As a well know economist I had lunch with told me yesterday: “ With his destruction, Chavez may be making two of my dreams a reality, that the dollar will circulate freely in Venezuela as people completely mistrust the local currency and that PDVSA is privatized as the only way for the country to survive”.


 


I fear he may be right in the end and the thought is so depressing that I will end my ramblings right here.

Ramblings

January 15, 2004

 


I have not been too enthusiastic about blogging this week. Things have gotten so bizarre and depressing that it just seems impossible to even write coherently about what is going on here. But somehow, I feel I am neglecting my self-imposed task of reporting this era in detail. Thus, today I will simply ramble and ramble about the events this week.


 


When Hugo Chávez was first elected, his presence at summits was quite interesting, he had a star quality about him, and most Latin American leaders seemed to want to meet him, get to know him, take advantage of his popular image to benefit their own popularity by being seen with him. This has changed. Even before his US$ 80 million Airbus had taken off, Chávez was already making waves, by calling Bush’ National Security Adviser Condoleezza Rice “illiterate” after her call for transparent elections in Venezuela. Separately, Chavez charged that the US was simply seeking his overthrow. The truth was, that all of this appeared to be a reaction to the fact that Chavez had been encouraged to believe by his collaborators that there was a possibility that he would meet Bush at the Summit. Just to set the stage, Chavez said right before leaving that that these summits were a waste of time. This is obviously true if you don’t believe you have anything to negotiate, contribute or share with the leaders of the Hemisphere.
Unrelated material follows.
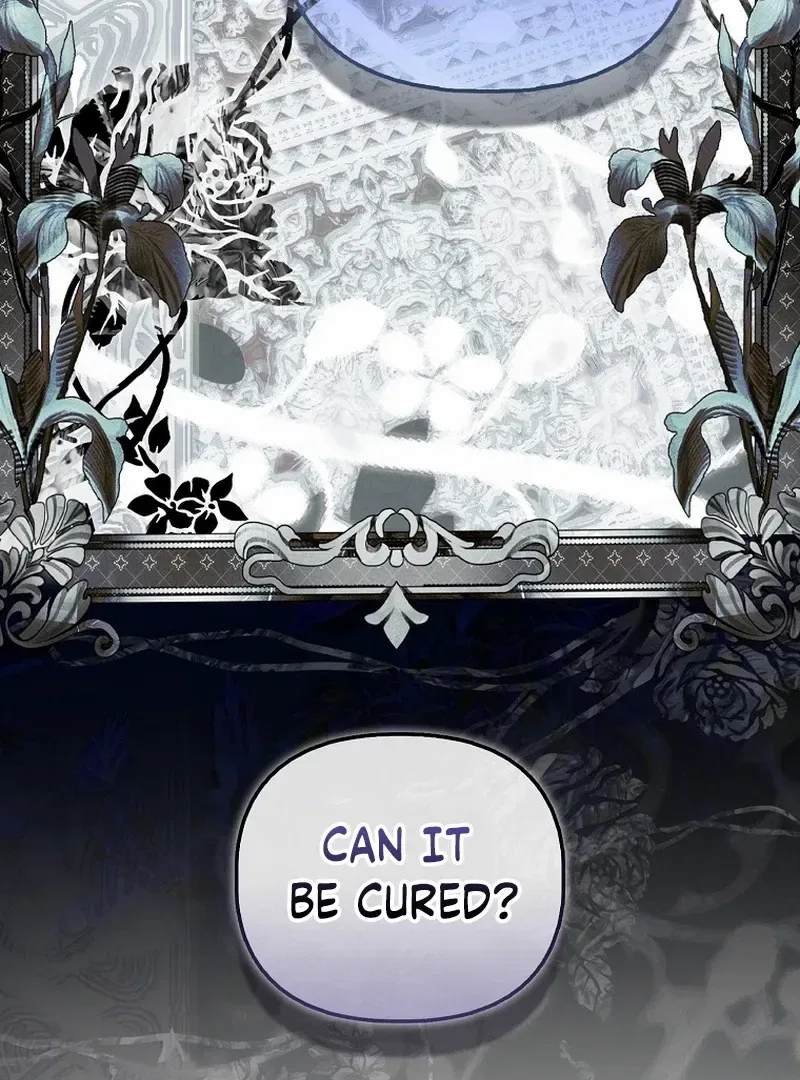 The Time-limited Extra Is Disguised as a Tutor in a Villain’s House Chapter 31 – Page 37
To top it all off, his interview in local newspaper El Universal, discussed in an earlier post and found here in English, did not help matters, as Chavez disqualified Spain and the US as countries unfriendly to Venezuela, when both are part of the “Group of Friends” involved in looking for a solution to the Venezuelan political crisis, while praising Fidel Castro and attempting to argue he is not really a Dictator.


 


At the summit, Chavez continued his erratic behavior as he did not attend meetings, even failing to show up at the gala dinner at its conclusion and was definitely beating his own drum. It was not all his fault. In contrast to four or five years ago, none of the leaders of the major Latin American countries wanted to even be seen with him for fears of having his home constituencies associate them with the Venezuelan President. Even Brazilian President Lula, failed to even have his picture taken with Chavez, after they were apparently close right after Lula’s election. The only President willing to meet with Chavez was Mexico’s Vicente Fox, as host of the summit, but Chavez simply failed to show up, meeting instead with Mexican opposition leader Cuauhtémoc Cardenas.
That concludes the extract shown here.